Methods: Employing reverse vaccinology—a cutting-edge approach combining bioinformatics and reverse pharmacology—we aimed to develop a novel RVFV vaccine. We focused on the M-glycoprotein segment, identifying highly conserved and immunodominant epitopes in viral glycoprotein sequences from cattle, sheep, and goats in RVF-endemic regions of Africa. Predictions for B- and T-cell epitopes were made, followed by the design of an epitope-based vaccine incorporating ideal linkers and a Bos taurus-specific beta-defensin to enhance immunogenicity. The vaccine's secondary and tertiary structures were analyzed using SOPMA and AlphaFold2, respectively.

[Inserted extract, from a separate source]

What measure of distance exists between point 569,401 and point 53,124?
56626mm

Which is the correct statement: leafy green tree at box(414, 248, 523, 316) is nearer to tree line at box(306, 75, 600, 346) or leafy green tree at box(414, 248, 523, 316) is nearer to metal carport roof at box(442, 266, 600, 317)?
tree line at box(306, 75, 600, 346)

Results: The vaccine candidate demonstrated promising physicochemical properties, with the M-glycoprotein sequences showing high antigenicity. Structural analysis revealed a composition of 31.55% alpha helices, 44.92% random coils, 5.35% beta turns, and 18.18% extended strands. Molecular docking with Toll-like receptors 7 and 8 indicated favorable molecular binding interactions, suggesting potential efficacy in stimulating an immune response.
Conclusion: This study paves the way for the development of a novel, safe RVFV vaccine. While the results are promising, further translational research is necessary to confirm the vaccine's effectiveness in animals and its applicability for improving public health outcomes.